Graphic 1 : la « machine incroyable »
1965 portait Lyndon Johnson au pouvoir, nous faisait découvrir Alexeï Leonov devenu le premier homme à « marcher » dans l’espace, Mariner 4 envoyait les premières images de Mars, et les Rolling Stones sortaient « (I Can’t Get No) Satisfaction ».
À cette époque, on observait aussi d’impressionnants développements technologiques grâce à l’explosion de la transistorisation, stimulée par les géants du marché. Par le passé, nous avons exploré les qualités de titans comme l’IBM 1401 (la « Ford T » de l’informatique), et ce que nous allons partager aujourd’hui a un ordinateur IBM en toile de fond, mais va bien au-delà.
Il s’agit de Graphic 1, une plateforme d’entrée avancée basée sur les graphiques, créée par William H. Ninke, Carl Christensen, Henry S. McDonald et Max Mathews, sous l’égide de Bell Labs en 1965.
Dans le mini-documentaire The Incredible Machine de 1968, on peut apprécier certaines des possibilités offertes par Graphic 1. En premier lieu, deux ingénieurs conçoivent le circuit d’un filtre à main levée, en faisant glisser des composants de la barre d’éléments vers le graphique à l’aide d’un crayon optique.
Au-delà de son énorme commodité, un autre aspect de Graphic 1 était sa capacité à signaler les valeurs manquantes ou les erreurs de conception. La deuxième scène nous montre un graphiste et un scientifique des Bell Labs collaborant au développement d’un film expérimental.
Les ressources de Graphic 1 n’étaient pas seulement applicables à l’art visuel, mais aussi à des simulations spéciales (comme un satellite en orbite autour de la Terre) et à la création musicale.
Graphic 1 servait de frontend au langage Music IV de Max Mathews et Joan Miller. En d’autres termes, l’utilisateur pouvait programmer des mélodies avec quelques coups de crayon optique.

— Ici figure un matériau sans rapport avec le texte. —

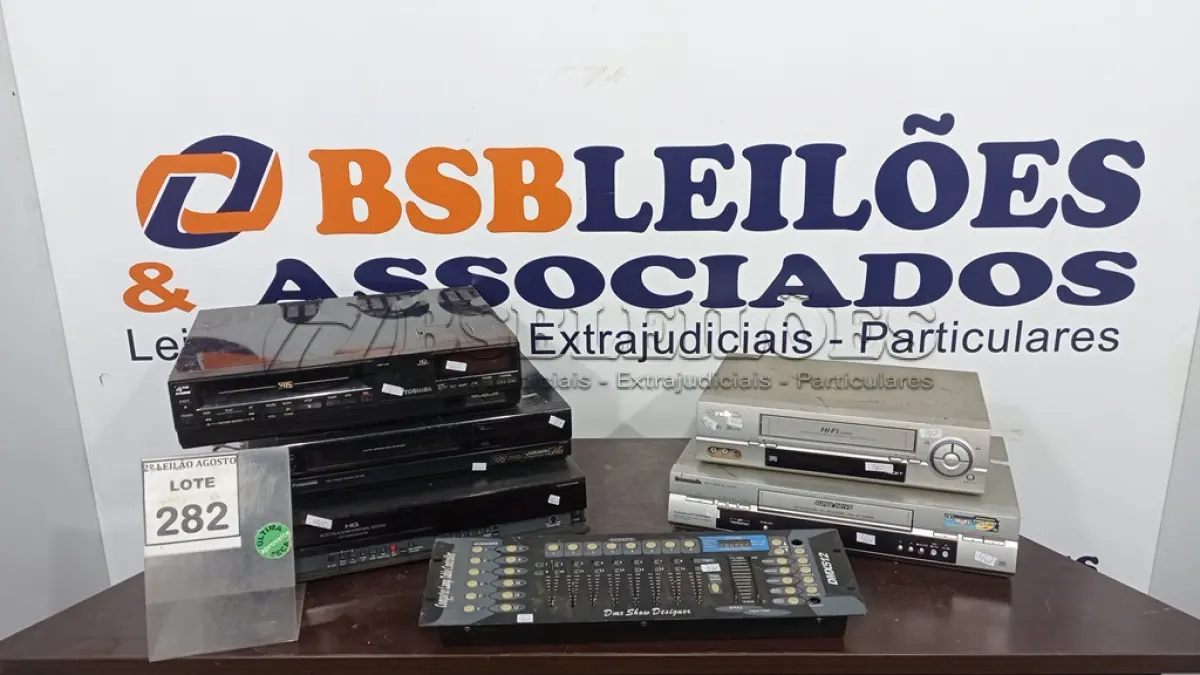 LOTE 282 - 05 APARELHOS DE VÍDEO CASSETE E 01 CONTROLADOR DE ILUMINAÇÃO MODELO DMX 512. (NO ESTADO) ATENÇÃO! FAZER A VISITAÇÃO ANTES DE ARREMATAR, NÃO SABEMOS SE FUNCIONA. LEILÃO NÃO TEM GARANTIA E NEM DEVOLUÇÃO, SUJEITO A POSSÍVEIS AVARIAS VISÍVEIS/OCULTAS E/OU AUSÊNCIA DE COMPONENTES.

La console de travail de Graphic 1 contenait un système PDP-5, et une boule de commande accompagnait le crayon optique. Elle était reliée à un mainframe IBM 7094 et à une imprimante de microfilms Stromberg-Carlson 4020. Je dois admettre que les vidéos nous montrent un fonctionnement idéalisé de la plateforme Graphic 1.

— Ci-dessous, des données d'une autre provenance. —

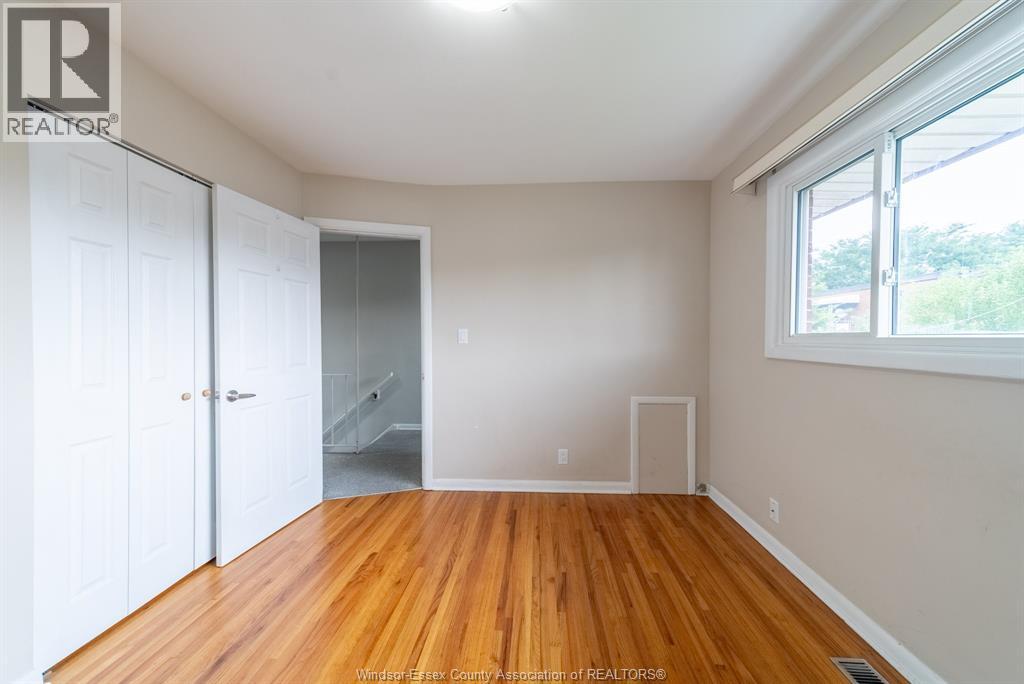 824-826 SMEETON - Image 40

Les archives d’AT&T indiquent que sa mémoire conservait un maximum de huit images, l’imprimante mettait entre deux et quatre heures, et le temps de réponse du mainframe oscillait entre deux et six minutes, selon les demandes. Malgré tout, Graphic 1 a été l’une des pionnières des interfaces graphiques et mérite d’être reconnue.